The ones I've started with (if they work) are things I often find myself wanting to do, so I thought I'd try to create some kind of presets. You mentioned you've tried something similar and have many more, so I think you get what I'm trying to do.

Which just reinforces my statement

i.e. provide examples of input and corresponding output that you are hoping for. I understand exactly what you’re after by creating “presets” - that’s not the issue here for me!

1 Like

Fair point.

It really depends on the application, and I may end up with multiple options for just the Return Everything BETWEEN Two Strings macro alone:

  • I do/don't want the start and end strings included in the result
  • I do/don't want to include blank lines
  • I do/don't want the RegEx to work over multiple lines

I can't think of a specific example, but grabbing a value from a big hunk of text or removing extraneous bumf to make something readable is something I've found extremely painstaking in the past, particularly because when I've trawled StackExchange for similar examples, they often don't work with the ICU flavour.

OK Neil - Here are my tests on each of your 4 subroutines. If the outputs I'm showing you are what you expect then that's great, but as I said without an explicit statement of what each subroutine is supposed to do, I can't say one way or the other (except for perhaps the last one...)

Everything before string

Only the first match works, the rest seem to be ignored - so I guess it's faulty:

2023-04-13_14-44-52

Lines containing replace

Doesn't seem to do the replacement:

2023-04-13_14-45-26

Everything after string

Generates an error and aborts. Here's the log file entry:

Return everything between

This is the version I tweaked and it has the blank lines. You didn't want the blank lines but I'm including it for completeness:

2023-04-13_14-47-37

Conclusion

I think encapsulating regular expressions in subroutines is a great idea if you have regexes that you use frequently; the subroutines essentially become black boxes whose inner workings you needn't worry about. However, to create the subroutines and the regexes in the first place you need to specify the conditions of use and what it is exactly you want them to do and I think perhaps that needs a bit more work for these specific subroutines.
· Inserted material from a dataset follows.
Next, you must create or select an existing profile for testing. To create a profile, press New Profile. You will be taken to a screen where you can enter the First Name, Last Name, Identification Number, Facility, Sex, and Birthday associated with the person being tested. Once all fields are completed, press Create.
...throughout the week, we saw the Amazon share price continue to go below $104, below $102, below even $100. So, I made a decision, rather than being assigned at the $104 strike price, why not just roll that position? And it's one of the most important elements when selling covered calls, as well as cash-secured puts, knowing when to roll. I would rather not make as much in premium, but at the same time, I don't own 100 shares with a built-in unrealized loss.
I did say that I have been using subroutines involving regexes but I'm not sure mine do anything similar to yours. Here's an example though: I've had to provide users with a simple way to process HTML files and one of the things they regularly wish to do is extract the contents of a specific tag from the file (usually the title tag, but it could be some other tag). Remember, these are HTML files we're dealing with and not browser pages, so the use of in-browser JavaScript is not an option. Here's the subroutine:

Download Macro(s): [SUB] Get First Tag From HTML.kmmacros (2.1 KB)

Macro-Image

Keyboard Maestro Export

Macro-Notes
  • Macros are always disabled when imported into the Keyboard Maestro Editor.
    • The user must ensure the macro is enabled.
    • The user must also ensure the macro's parent macro-group is enabled.
System Information
  • macOS 10.14.6
  • Keyboard Maestro v10.2

and this is how you'd call it:

image

This is a simple one, but it shows how you can simplify stuff hugely by "hiding" it in a subroutine. It is so simple though that I'm not sure how useful it is as an example for you!

1 Like

The conditions of use are: remove/return/replace something for each line of a variable. That's very useful to me.
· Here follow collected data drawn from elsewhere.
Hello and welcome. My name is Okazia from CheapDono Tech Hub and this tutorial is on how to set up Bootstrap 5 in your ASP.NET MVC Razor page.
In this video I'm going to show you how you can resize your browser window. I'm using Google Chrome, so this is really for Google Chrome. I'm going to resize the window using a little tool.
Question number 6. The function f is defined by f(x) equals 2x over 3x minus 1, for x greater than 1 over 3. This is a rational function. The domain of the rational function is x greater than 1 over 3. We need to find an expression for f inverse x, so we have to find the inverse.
Part of the reason some of these weren't working was that I'm new to using Subroutines and made some basic errors. Another part of it is that, before adopting your clever subroutine idea, I was only trying to auto-create RegEx actions, so things like iteration weren't part of the remit. I think I might have got them all working nicely now, but I'm sure you'll let me know if I've messed up.

RegEx Macros.kmmacros (137.1 KB)

1 Like

:rofl: - later...

I'm probably missing a trick, but doesn't that return the contents wrapped in > and <?

Also, interesting that the / in the Close variable is allowed as a literal, no need to escape it in the regex.

Nope - you spotted my (ahem) deliberate mistake.

Of course the call to the subroutine should look like this:

image

I know you had discussions about escaping string, but it's not been a problem with this.